Todo lo anterior –y otras cuestiones que por conocidas no vale la pena enumerar- se montan en una metodología que puede calificarse de “autoritarismo tuitero”. Los trolls marcan, descalifican, el Presidente refuerza con “me gusta”. Luego llegan las destituciones y las sanciones. Tampoco se repara en las formas. El estilo abunda en falta de respeto e incluye obscenidades de pésimo gusto.
Suma a lo anterior declaraciones que agreden directamente a países y dignatarios de naciones con los que Argentina tiene lazos históricos y culturales pero también relaciones comerciales de enorme importancia. Tampoco hay límite para eso, porque la único que interesa es el objetivo de Javier Milei de transformarse en una figura internacional de la ultraderecha y recibir aplausos a partir de pronunciar una serie de excentricidades tan incomprensibles como insostenibles desde el mínimo lugar de la sensatez. Todo ello exhibiendo, oficial y extraoficialmente, un título de “doctor” que nunca obtuvo por mérito académico.
“No hay plata”… salvo para los viajes privados del Presidente que se pagan… con la nuestra y para recibir reconocimientos vergonzosos como el que le otorgó su amigo Jair Bolsonaro.
Es necesario contabilizar además que mientras se cierran los medios públicos se ataca a los periodistas que ponen en duda las afirmaciones del oficialismo o incurren en la osadía de preguntar sobre cuestiones molestas para el gobierno. Para levantar el nivel, ya lo adelantaron, habrá una sala de prensa “premium” en Casa Rosada a la que solo podrán acceder los periodistas que “se merezcan” estar cerca del Presidente. Otro tratamiento tienen, por cierto, aquellos periodistas dóciles y habituales interlocutores presidenciales y hasta asiduos visitantes nocturnos a la quinta de Olivos para encuentros amistosos, culturales y gastronómicos.

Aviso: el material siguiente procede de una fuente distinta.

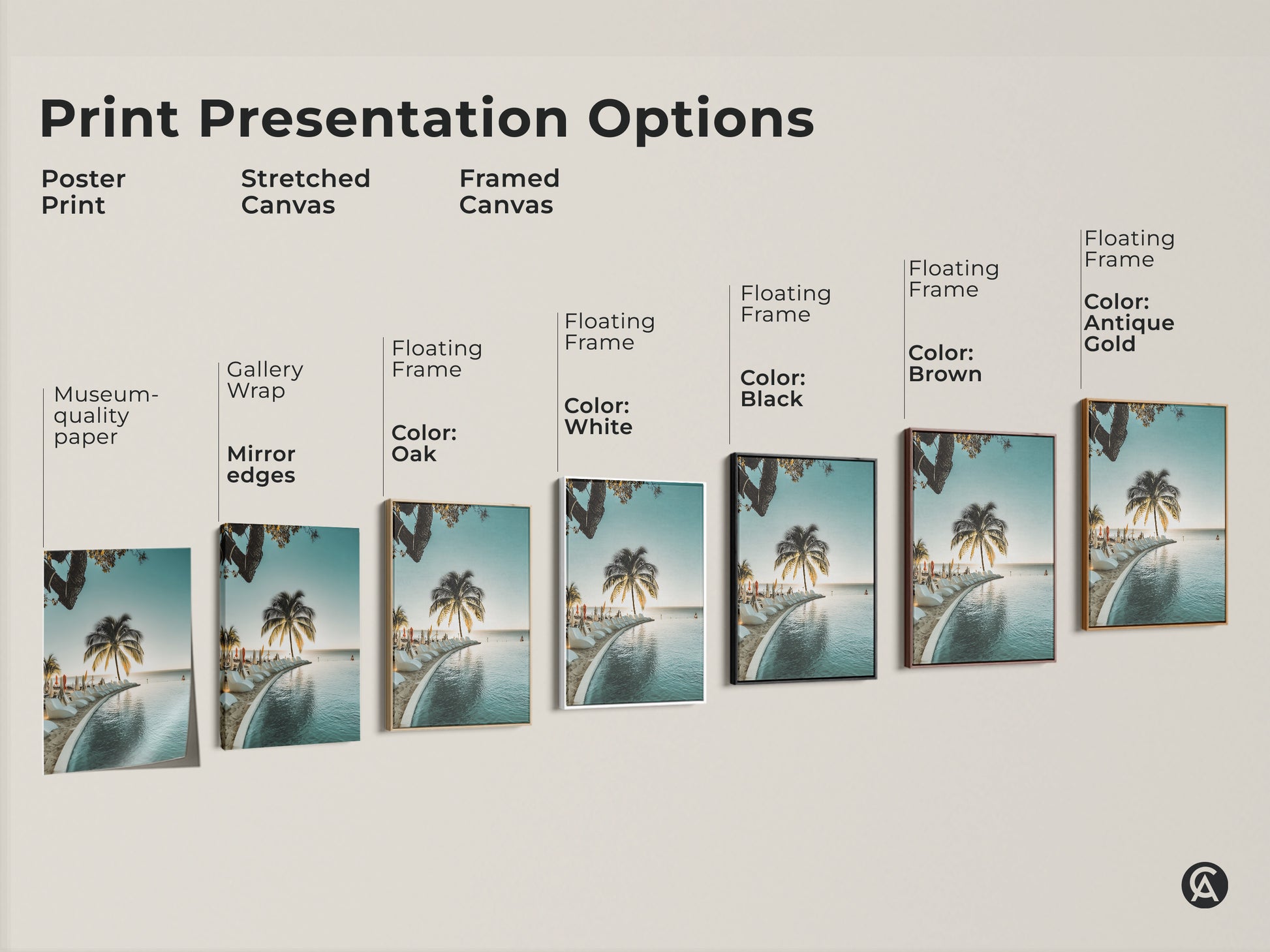 Explore print presentation options for coastal artwork. Choose from poster prints stretched canvas and framed canvas. Find the perfect style for your tropical beach wall art. Options include black brown antique gold and white frames.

No hay espacio para cuestionar la mentira recurrente o el uso engañoso de los datos en la información oficial. Tampoco la que sale a diario de la boca del vocero oficial.
Todo esto (y más) tendría importancia si los señalamientos pudieran traducirse en acciones políticas para torcer el rumbo. Nada de eso ocurre.

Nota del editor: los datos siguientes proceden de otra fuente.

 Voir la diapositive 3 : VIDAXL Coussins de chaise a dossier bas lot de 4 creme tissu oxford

¿A quién le importa lo descripto líneas antes? A nadie… o casi nadie.
También puede ser visto de otra manera. Existe tal naturalización de todo lo descripto que a nadie sorprende o, peor, a casi nadie molesta y todo ha sido incorporado sin incomodar a buena parte de los argentinos.

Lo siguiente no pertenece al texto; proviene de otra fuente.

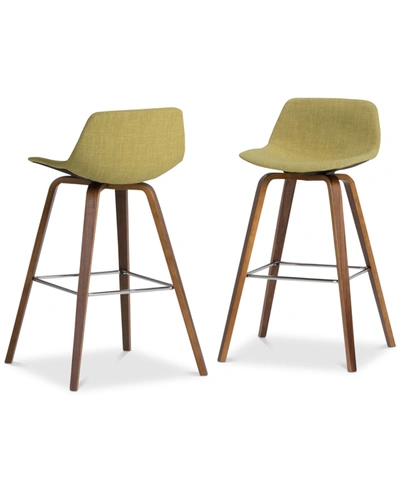 Simpli Home Facee Bar Stool (set Of 2), Quick Ship In Green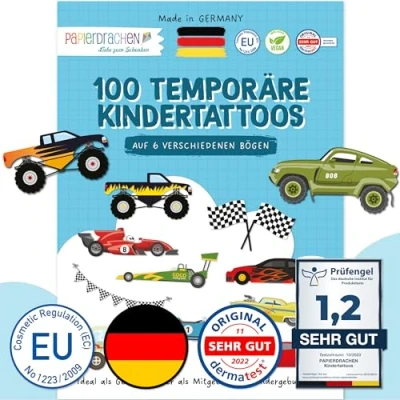 Abbildung von Papierdrachen 100 besonders hautfreundliche Kindertattoos Tattoos Autos für Kinder Jungen und Mädchen geprüft &amp; made in Germany Set 25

Se habla de una “batalla cultural” para imponer una nueva forma de ser y de vivir en la Argentina. Hay que aceptar que, en parte, se trata de una batalla ganada por el oficialismo que avanza sin mayor resistencia en la destrucción, con dudosa legalidad pero sin que se cuestione su legitimidad.
Es fácil constatar que la sociedad “está rota”, fragmentada, sin criterios ni valores que aglutinen, que conciten a los sentidos colectivos. Con motivo o como consecuencia de ello las instituciones están quebradas (la justicia, la política…) y quienes las representaron carecen de credibilidad.
La verdadera victoria del mileismo no está en sus planes económicos o en su presunta “ideología libertaria”. Siguen avanzando porque gran parte la ciudadanía (de nosotras y nosotros) estamos aceptando como máxima para nuestras vidas el “sálvese quien pueda” que, en la otra cara de la misma moneda, contiene el “todos contra todos”. Es un virus que afecta a la dirigencia en casi todos los niveles, pero también a los individuos, hasta las familias.
Solo entre los más pobres hay residuos de solidaridad y resquicios de fraternidad. Por memoria o por imperio de la necesidad e impulsados por reflejos de sobrevivencia.
En el resto ¿a quién le importa salvo lo que me ocurre a mí mismo?
En eso radica la verdadera derrota de la que se sale únicamente asumiendo que “nadie se salva solo” y que, en todo caso, la salida siempre es colectiva. Al menos por el momento, no aparecen indicios de que ello esté ocurriendo. Lo menos grave, quizás, es que en política… nada es para siempre.